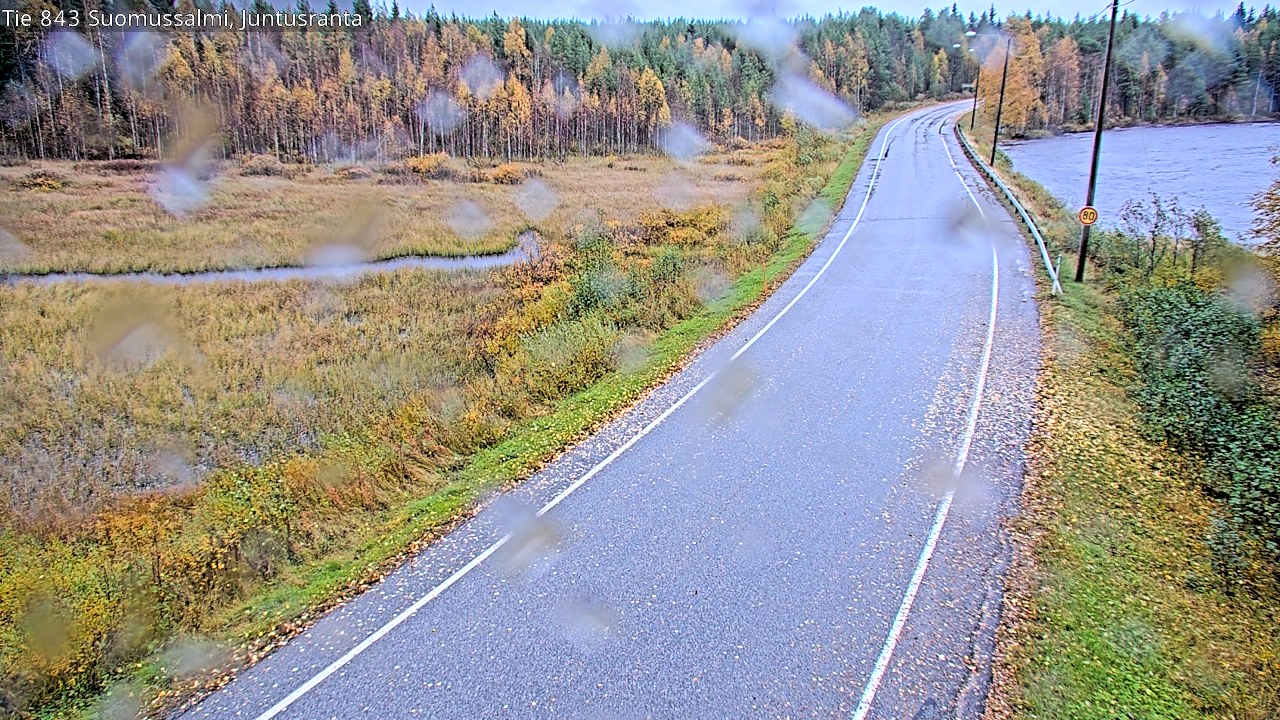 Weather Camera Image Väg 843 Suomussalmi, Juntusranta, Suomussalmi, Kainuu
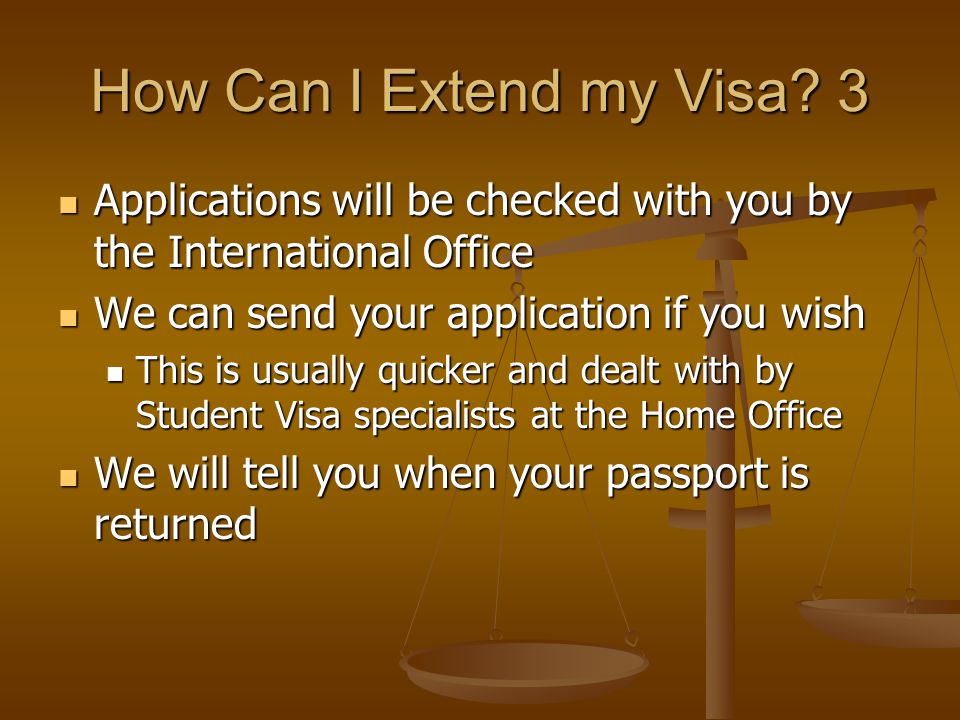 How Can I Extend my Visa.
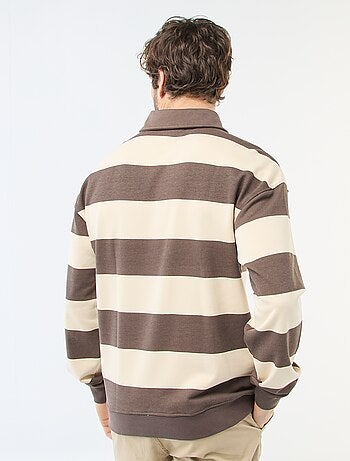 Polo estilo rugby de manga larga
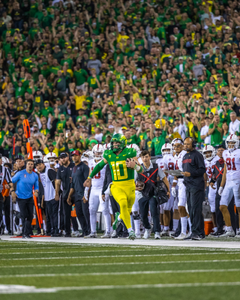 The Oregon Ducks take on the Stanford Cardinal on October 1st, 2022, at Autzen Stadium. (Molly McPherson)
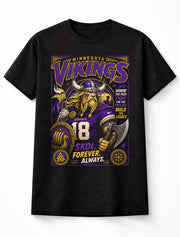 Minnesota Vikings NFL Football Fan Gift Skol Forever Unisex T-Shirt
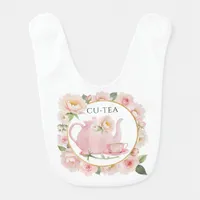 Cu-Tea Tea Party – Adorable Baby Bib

*Your task:* Begin at the line with "Polo estilo rugby de manga larga" and retype exactly every line through the last one of the entries above, both included, and nothing more; pictures stay out.

*Task response:*
 Polo estilo rugby de manga larga
 The Oregon Ducks take on the Stanford Cardinal on October 1st, 2022, at Autzen Stadium. (Molly McPherson)
 Minnesota Vikings NFL Football Fan Gift Skol Forever Unisex T-Shirt
 Cu-Tea Tea Party – Adorable Baby Bib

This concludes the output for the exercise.